Elasticsearch explained


Elasticsearch is a NoSql database optimized for full text search

It’s the leading Open Source search tool for optimized website search used on major websites like The New York Times, Shopify or Vimeo.

Elasticsearch is built for scalability, that made it an important piece for big data, opening a lot of use cases with log management or Business Information.

Elastic Search Logo

What is Elasticsearch ? 

Elasticsearch is the main layer of the Elastic stack. 

It’s an NoSql database, optimized for search, scalability and near real time data management. 

Created in 2004 as an Open Source project based on Apache Lucene, Elasticsearch has grown over the years as a leading tool in the open source community. 

It’s still leading by the Elastic team who offers paid featured, support, cloud hosting and training.

As a text search tool, with scalability and speed in the ADN of the project, the solution has been adopted by majors companies all over the world for several use cases : 

  • Salesforce : for logs management 
  • Netflix for search and log management
  • Ebay for search and log management
  • Vimeo for search and log management
  • Github for search
  • Bnp and Société Générale for search, security and fraud detection
  • And also Orange, Axa, OUI SNCF, Facebook help, Uber, Tinder, The New York Times, and so many more. 

Elastic nodes (server) are designed to work in clusters to ensure high availability and speed for all vital business use cases. 

How Elasticsearch can help you ? 


At first, Elasticsearch is… for search. 

Nowadays, a basic search consists of a phrase typed within a smartphone in a simple search box, usually with some typos. 

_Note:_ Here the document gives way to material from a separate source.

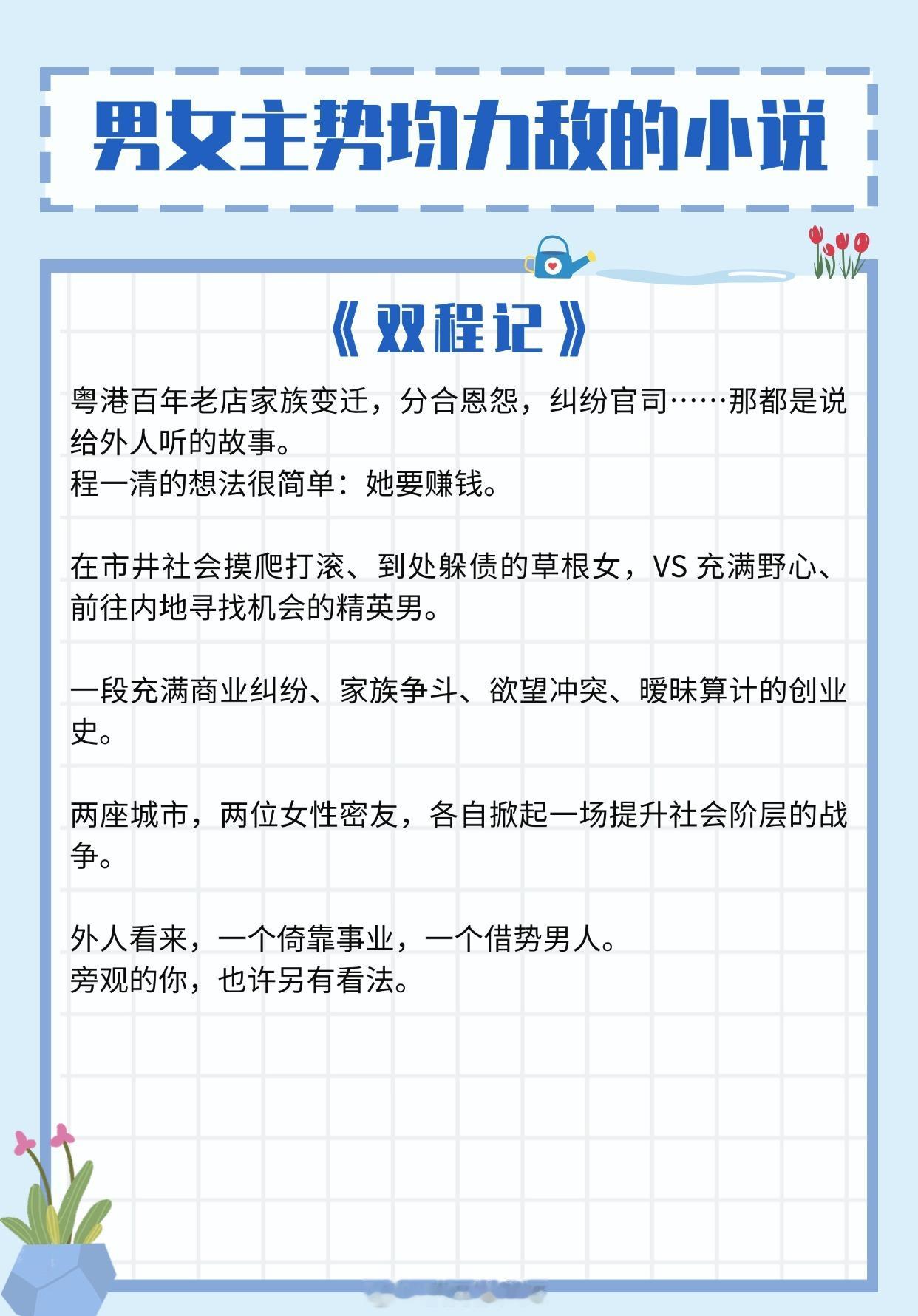 兄弟1v2林青碗小说免费阅读兄弟间的较量——林青碗的1v2挑战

Elasticseach can return typo tolerant results based on the similarity of the search, and order by a score of similarity. 

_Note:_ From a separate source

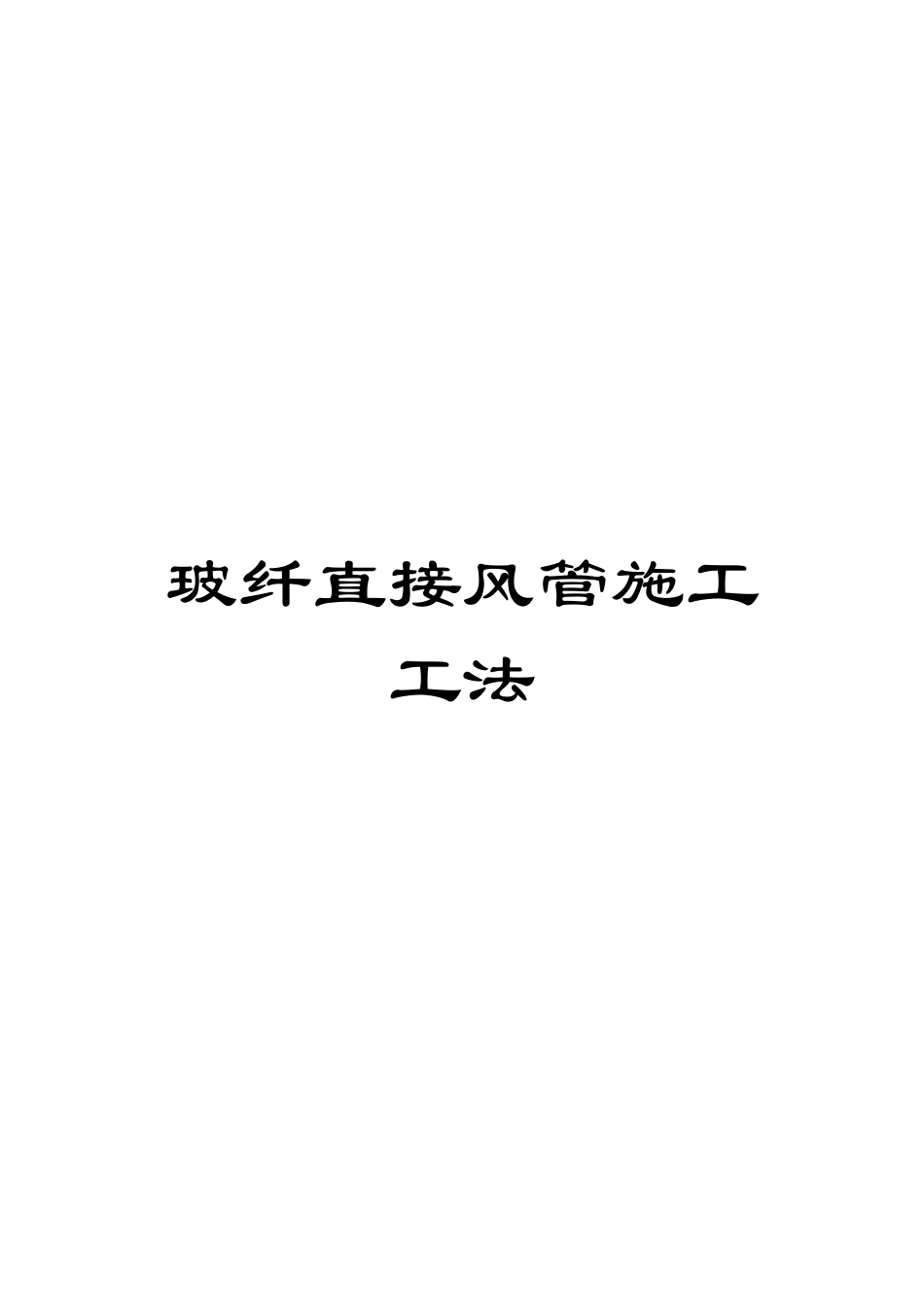 玻纤直接风管施工工法范本_第1页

And it can do it really fast!

Elasticsearch can also do aggregations and search in only one request, returning contextual categories and the number of items in it, the quickest way. 

Elasticsearch used for search on Vimeo
Elasticsearch used for search on Vimeo

Speed and relevancy of search is an essential point of the ROI of your site. 

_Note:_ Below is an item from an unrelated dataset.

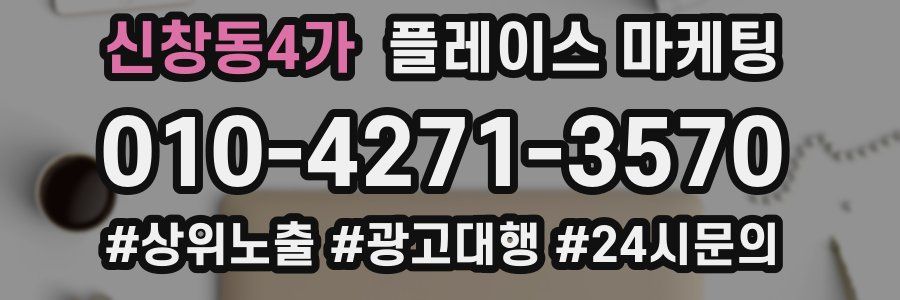 신창동4가 플레이스 마케팅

Clearly, for e-commerce websites, news sites, and any other websites with a lot of content, it’s vital! 

Default Elasticsearch behavior does a pretty good job, but it can be enhanced to respond to each business specific needs. 
But you should definetly consider adding advanced features to drastically improve the interest of an application for end users such as :

  • ‘similar articles’ search,
  • geosearch, searching in word or pdf content, 
  • the ability to tweak the request to return close results, even if the user search returns nothing
  • searching in multiple source at one time

Big Data

Scalability is in the core of Elasticsearch. 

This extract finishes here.